振りかぶった剣を下ろす。刹那、足元が急激に傾いた。
「わっ、ちょ⁉︎」
掴まる場所もなく空に放り出された。
ぐわ、と開かれた口とぎらつく牙が迫り——あわや、というところで飛び出したコガラシがアリウを攫う。だがほっと息をつく暇もなく、ゆるく振られた尾がふたりを地面に叩きつけた。
土煙がもくもくと立ち昇った。
静けさが森を覆った。避難していたカーバンクルたちがソロソロと、様子を見に顔を覗かせる。

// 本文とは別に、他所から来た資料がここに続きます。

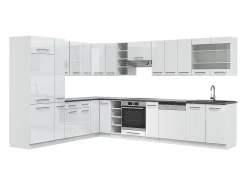 Cocina esquinera blanco alto brillo/blanco 347x46x81.6 fame-line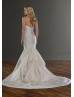 Strapless Sweetheart Ivory Satin Buttons Back Wedding Dress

煙が晴れたとき、そこにあるのはひっくり返ってルヴィーダの鉤爪に押さえつけられたアリウとコガラシの姿だった。
「……まいりました」
アリウは潰されたヒキガエルの気持ちで白旗を上げた。
どこか満足げに鼻を鳴らして、ルヴィーダの前脚がどかされた。
一方のアリウは悪態を堪えながら、恨めしげにその前脚を見ていた。相当手加減してくれていた様子ではあったが、それでもアリウがかつてルヴィーダの血を浴びていなければ、骨の数本は折れていたと思う。
土まみれで立ち上がり、ゲホゲホと咳き込む。
〈まだまだ未熟だな。だがブレスで目を眩ませる発想とタイミングは、悪くなかった〉
「あ、ありがとうございます」
神竜の講評を受けて、アリウはあいまいに微笑んだ。
どういうわけかこの神竜様は、炎の惨劇以来、アリウに稽古をつけてくれるようになった。最初は『守護竜とはそういうところまで面倒を見てくれるものなのか』となんとなく受け入れていたが、竜騎士団に入ってそんなことはないと知らされた。どういうことなのかと首を傾げたものである。

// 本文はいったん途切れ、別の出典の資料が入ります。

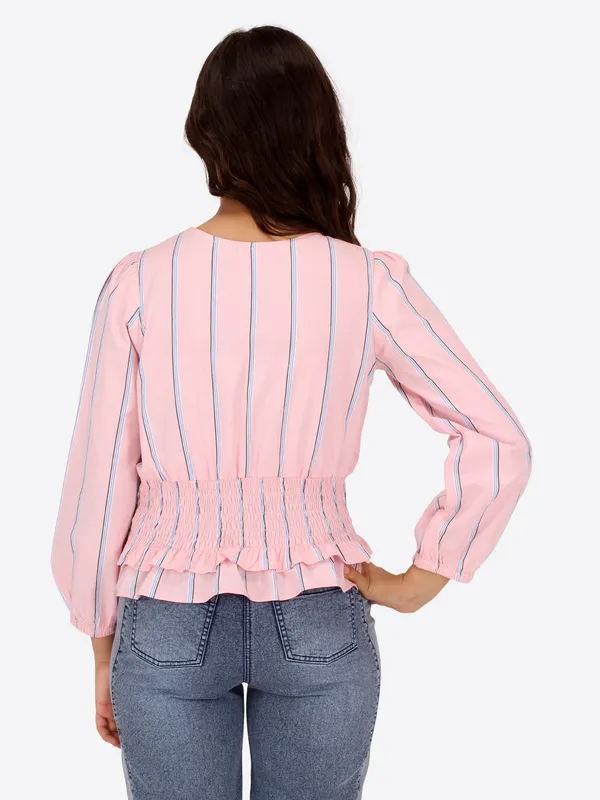Cutecumber_Girls_Cotton_Stripe_3/4th_Sleeves_Printed_Top_Peach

当然理由を問うたが、ルヴィーダは言葉をなさない歌で誤魔化して、答えてくれなかった。結局、ルヴィーダの血を浴びたことで眷属と見做されたか、独りだけ生き残ったことを憐れまれたか、あるいは、生き残ったところで短命が定められてしまったことを憐れまれたのか。そのいずれかだろうとあたりをつけて、アリウは強引に自分を納得させた。
なんだかんだで、ドラゴンであるルヴィーダに稽古をつけてもらえるのは正直にありがたい。

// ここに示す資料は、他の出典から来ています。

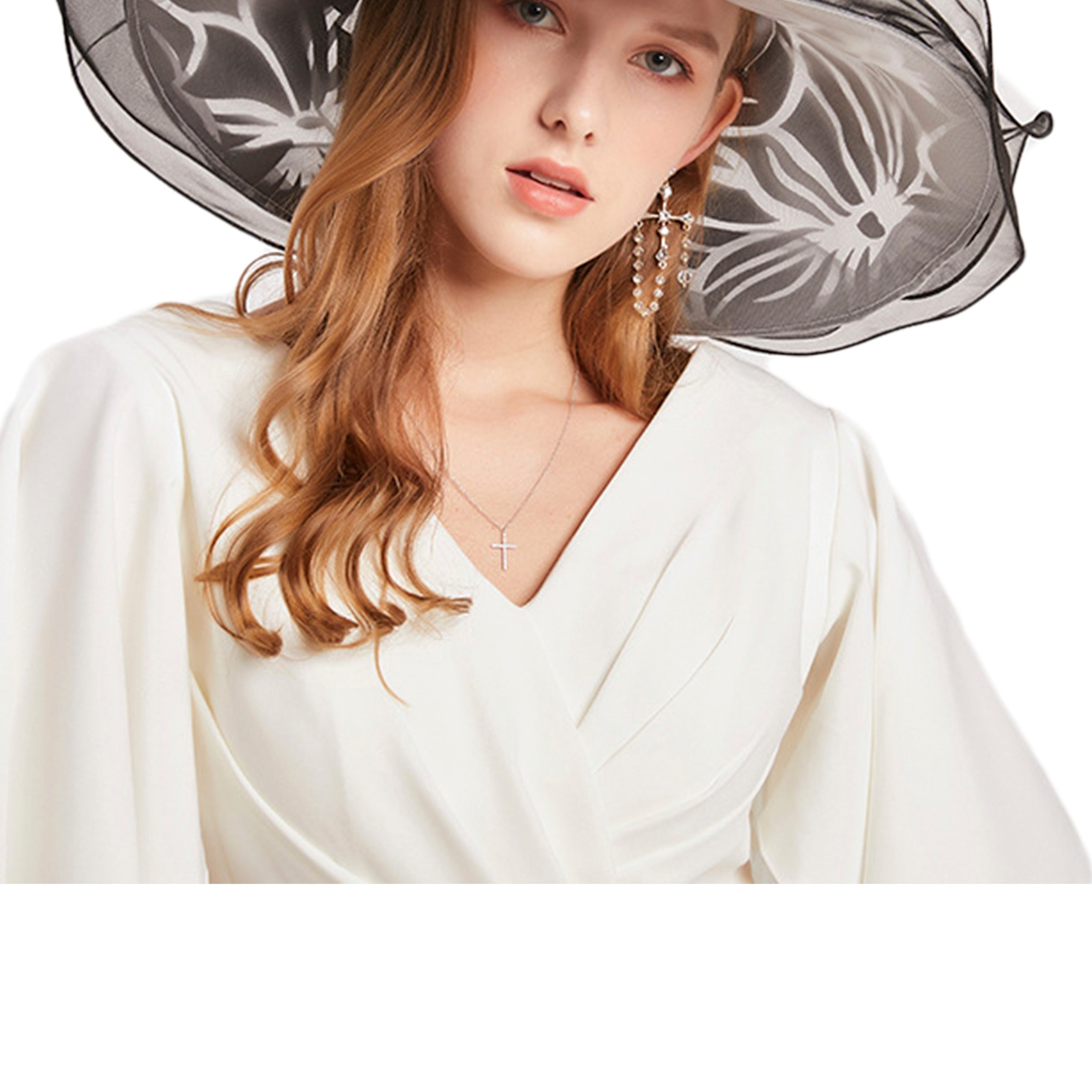 Floral Organza Fedora Hat C0337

竜騎士同士の戦いはほとんど武芸ではなく、操竜術によって決まる。だが想定される敵ははほとんど地上の相手であるため、竜騎士団では、竜騎士同士の対戦演習はあまり行われないのだ。
とはいえ、だ。
将来、空中の敵と戦う日が来ないとは限らない。友好関係にあるとはいえ南のピタトリス諸国にも竜騎兵はいるし、グリフォンもいる。東の魔龍山脈からルヴィーダだけでは対処しきれないほどの野良のワイバーンが飛んでこないとも限らない。遥か北方にはペガサスが生息する地域もあると聞く。北のリリウム皇国には今のところ、目立った脅威はないが、いずれそうならないとも言い切れない。
誰も炎の惨劇を予期し得なかったように、予期せぬ破滅が訪れないとは断言できないのだ。
たまたま自分だけが生き残って独りぼっち、などという経験を繰り返したくないのなら、できることは全部やっておくしかない。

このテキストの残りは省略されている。